What is wrong with that? What is wrong with that is that the shareholders will get upset, walk away and put their money into housing and negative gear as Real Estate has become a sort of a bank, an opposite investment force opposing the Banks as investment and yet the Banks are part of the deal into housing. Who is in control of all this breakdown? The government, they have the levers to pull and push but no one is at home.
Perhaps this is another consequence of 27 years of uninterrupted economic growth. Morrison says the young don’t know what a recession is like but perhaps also the majority of Australians, including those of us in our 60s, have come to expect as an entitlement that our money will continue to grow in investments and provide a strong return.
Who gives a stuff what Morrison says?
You do.
Look, Morrison is going out because he can’t lead the government like Turnbull could.
Is it me, or are (most) shareholders the ultimate ticket clippers?
They get rewarded for the effort of others on the basis that they bought some shares from a third party.
And let’s not forget that they benefited from the poor behaviour of the banks.
I have never been tempted to buy bank shares, we now see it would be akin to investing in a crime syndicate.

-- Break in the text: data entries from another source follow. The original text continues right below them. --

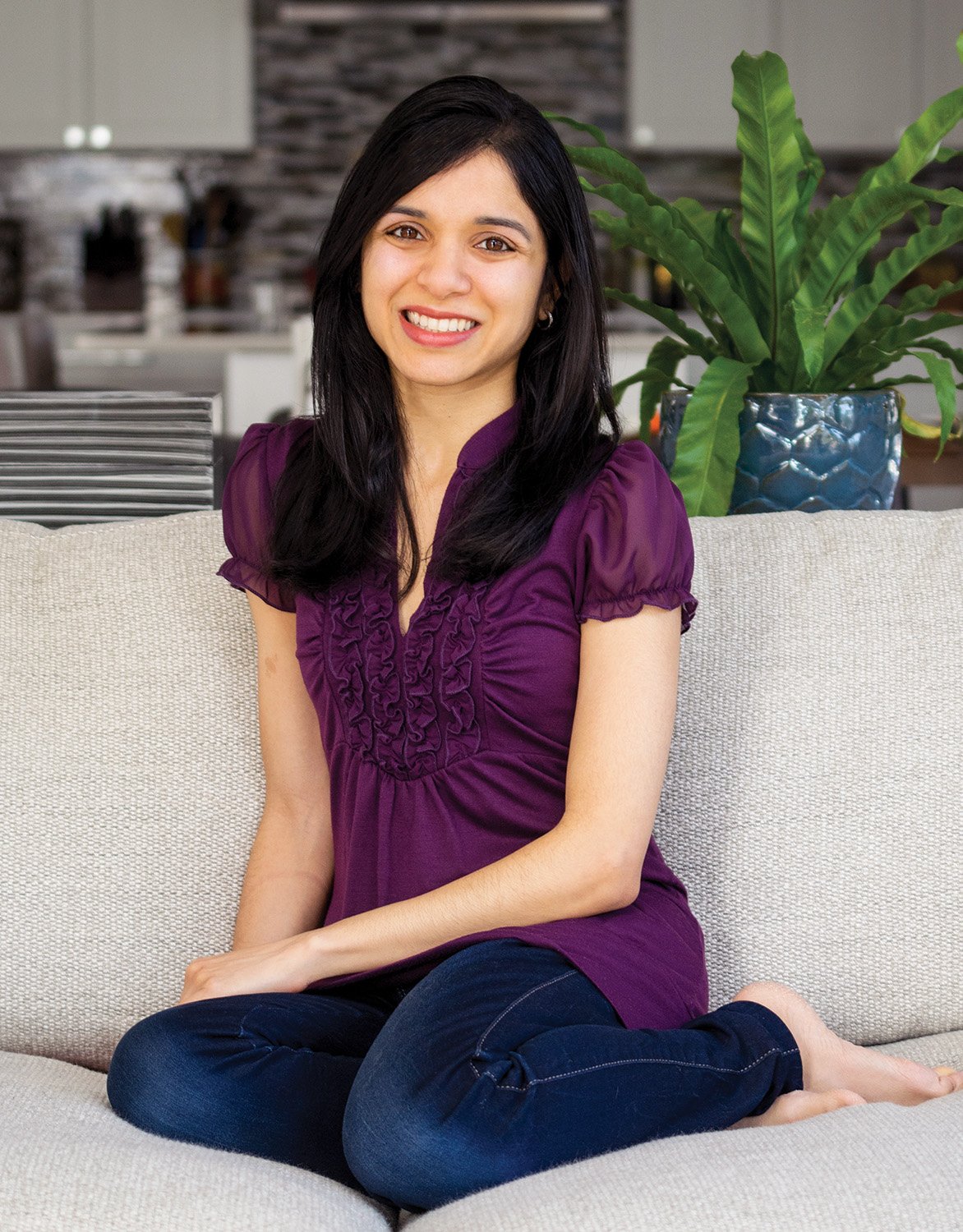 Photo of Anjali Shah on a couch.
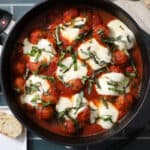 A skillet full of saucy Italian meatballs, covered in melted cheese and fresh basil.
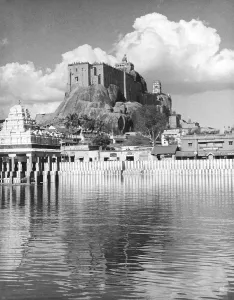 Reflection of Rock fort and temple in water pond at Tiruchinapally, Tamilnadu, India 1940's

I agree, Keane is an armchair pontificator.He pays no attention to Hayne’s strenuous defence of Julia Gillard’s financial reforms. Abbott tried to abolish them, then only managed to defund APRA, and Costello set up ASIC under the ridiculous Efficient Markets Hypothesis [no bubbles!]
It is an error that Keane supports the ACCC. Good in ordinary markets but useless in financial markets – as seen in the ACCC “markets” will decide best super fiunds. Markets of producer=customers say for milk, are v different to financial markets where sellers/buyers are usually interchangeable and lead to bubbles and drastic crashes. Look at The Big Short, Keane. Finally, the RC has no remit to propose new policy – Parliament does. The May elections are therefore crucial.

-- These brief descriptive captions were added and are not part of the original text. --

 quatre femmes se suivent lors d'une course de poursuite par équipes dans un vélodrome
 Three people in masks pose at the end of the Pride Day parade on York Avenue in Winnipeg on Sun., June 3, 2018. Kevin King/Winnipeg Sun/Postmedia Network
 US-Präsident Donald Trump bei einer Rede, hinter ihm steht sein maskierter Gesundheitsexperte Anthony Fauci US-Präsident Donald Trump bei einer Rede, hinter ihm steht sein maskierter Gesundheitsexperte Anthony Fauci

It is futile to fine a corporation. The fine just becomes a business cost. If the fine really hurts, it is more likely that workers will be turfed than bosses . Confiscation of shares might be a better way. … Neocons and free market tragic so would go apoplectic.
Thats a very good idea, perhaps the shares could go towards repaying the victims of any fraud and act like a trailing commission, whoever banks/ FS steal from will eventually have some say in bankers personal remuneration.
What Hayne should have done was recommend an extension of the Royal Commission and a widening of the terms of reference to fully investigate the financial industry.